Es gibt eine beliebte, weil elegante Theorie, die solche Wimps bescheren könnte: die Supersymmetrie. Nach dieser Theorie gibt es zu jedem bekannten Elementarteilchen ein Pendant, das sich von diesem im Spin wesentlich unterscheidet. Zum Beispiel zum Neutrino ein Neutralino, zu den Quarks sogenannte Squarks, zum Elektron ein Selektron, zum Photon ein Photino. Damit würde sich der Zoo der Elementarteilchen verdoppeln. Allerdings weiß man nicht, welche Massen diese supersymmetrischen Teilchen haben sollen, und man hat bisher in allen Teilchenbeschleunigern keine Spur von ihnen gefunden.
Und auch nicht bei anderen Experimenten, die darauf beruhen, dass solche Wimps – wie die Neutrinos – zwar nur selten und schwach mit anderen Teilchen in Wechselwirkung treten, aber eben doch manchmal. Ein solches Experiment läuft etwa in den Black Hills von Dakota, ungefähr eine Meile unter dem Erdboden, im Large Underground Xenon Experiment, lichtvoll als Lux abgekürzt. Dort warten 350 Kilo flüssiges Xenon unter strenger Beobachtung darauf, dass ein Wimp daherkommt und mit einem Xenon-Atomkern in Wechselwirkung tritt.
Bisher vergeblich. „Es ist ein signifikanter Fehlschlag“, bekannten die Lux-Forscher vor einem Jahr: „Wir sollten schon tausende Ereignisse gesehen haben, aber wir sehen einfach keines.“ Sie widersprachen damit Berichten von ähnlichen Experimenten, man hätte vielleicht ein Wimp-Ereignis beobachtet, und sie schlossen dezidiert aus, dass Wimps, die leichter sind als zehn Protonen, in Dakota aufgetaucht sind.
Was auch Theoretikern zu denken gibt. „Wir suchen jetzt schon ganz schön lang nach Wimps“, sagt Yonit Hochberg vom Berkeley Laboratory, „aber wir haben noch keine gefunden.
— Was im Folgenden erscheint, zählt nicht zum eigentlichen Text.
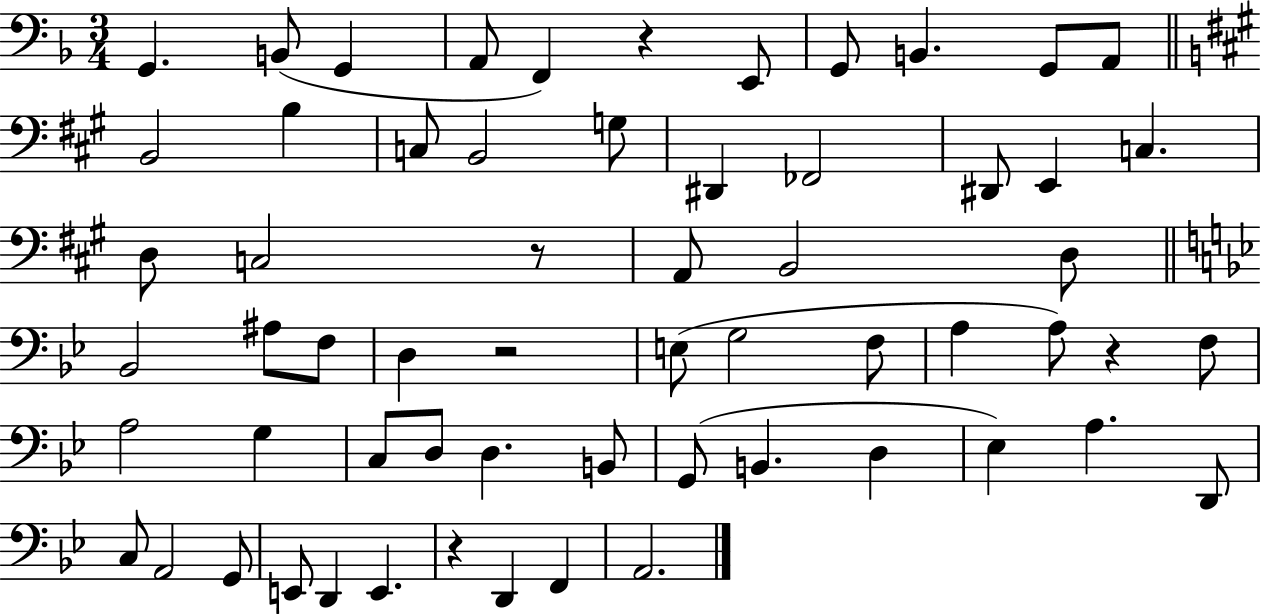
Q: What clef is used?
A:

Daher glaube ich, dass es wichtig ist, outside the boxzu denken.“ Das tat er. Ihm schweben Teilchen vor, die miteinander sehr stark wechselwirken – und auch mit den bekannten Teilchen, wenn auch nur sehr schwach (Physical Review Letters 113, 171301). Er nennt sie Simps, für „strongly interacting massive particles“. Sie hätten eine skurrile Eigenschaft – wenn drei Simps zusammenstoßen, kommen zwei Simps heraus – und eine den Kosmologen sehr willkommene: Sie würden eine Verteilung von Galaxien ergeben, die der beobachteten Verteilung entspricht.

Neutrinos sind zu heiß. 

Nicht zuletzt das erwartet man sich ja von der dunklen Materie: Sie soll erklären, warum sich die heutigen Strukturen im Universum so gebildet haben, wie sie es getan haben: Bottom-up nämlich, erst Sterne, dann Galaxien, dann Galaxienhaufen. Das war auch das wesentliche Argument dafür, dass die – eigentlich als Kandidaten naheliegenden – Neutrinos heute nicht als Hauptbestandteil der dunklen Materie infrage kommen: Sie sind zu schnell, zu leicht, zu heiß, sie würden ein Top-down-Szenario der Strukturbildung bringen.
Diesen Nachteil kann offenbar ein unübersehbarer Vorteil nicht aufwiegen: Man kennt sie, man kann sie beobachten, messen. Das kann man von anderen Kandidaten – zu nennen wären noch weitere hypothetische Teilchen wie Axionen – nicht sagen. So bleibt, ganz abgesehen von der noch rätselhafteren dunklen Energie, ein Großteil der Materie im All vorderhand dunkel. Was für ein seltsames Weltbild.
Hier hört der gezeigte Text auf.